▼
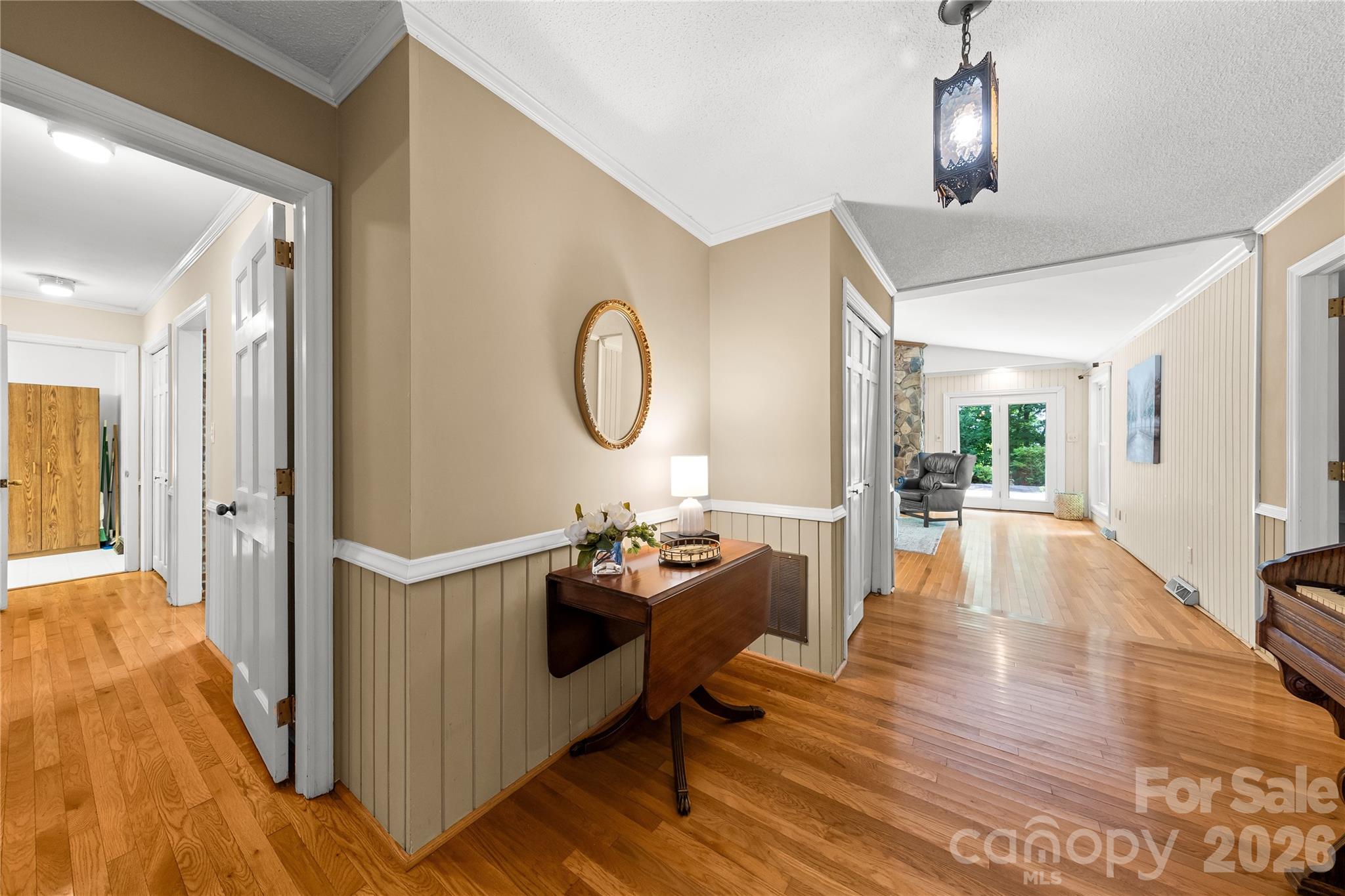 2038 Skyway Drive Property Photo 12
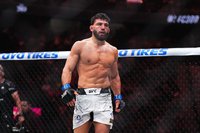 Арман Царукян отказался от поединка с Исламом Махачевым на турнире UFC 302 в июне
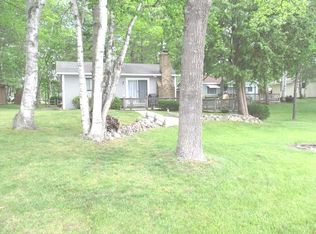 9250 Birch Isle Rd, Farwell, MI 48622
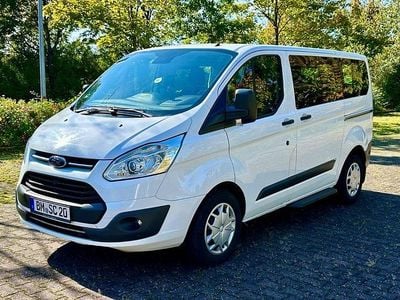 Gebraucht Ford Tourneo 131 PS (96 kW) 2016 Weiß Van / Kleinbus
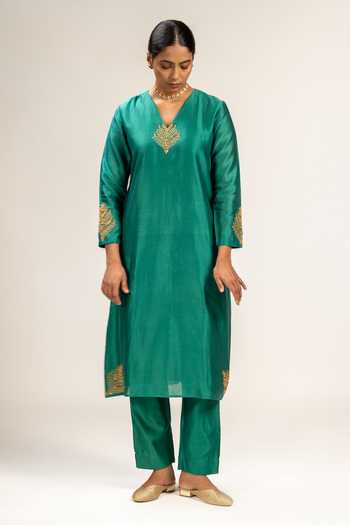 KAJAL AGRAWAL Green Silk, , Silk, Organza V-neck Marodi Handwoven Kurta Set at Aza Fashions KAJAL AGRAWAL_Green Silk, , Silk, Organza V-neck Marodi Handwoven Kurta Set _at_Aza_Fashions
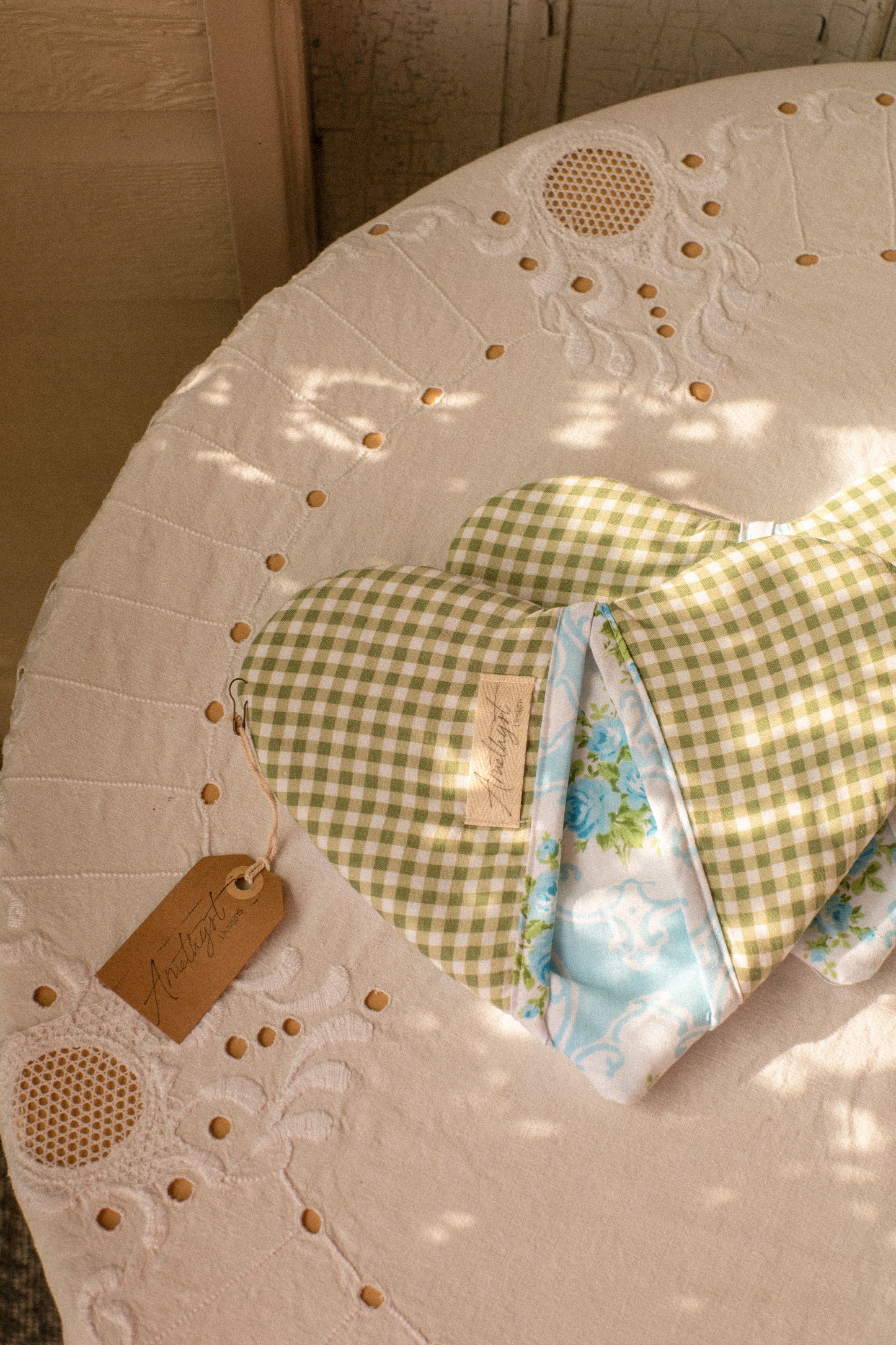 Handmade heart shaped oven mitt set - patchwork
▲
Leave the pictures out, and please copy only the lines from the one with "KAJAL AGRAWAL Green" through the end of the listing.

*Written response*:
 KAJAL AGRAWAL Green Silk, , Silk, Organza V-neck Marodi Handwoven Kurta Set at Aza Fashions KAJAL AGRAWAL_Green Silk, , Silk, Organza V-neck Marodi Handwoven Kurta Set _at_Aza_Fashions
 Handmade heart shaped oven mitt set - patchwork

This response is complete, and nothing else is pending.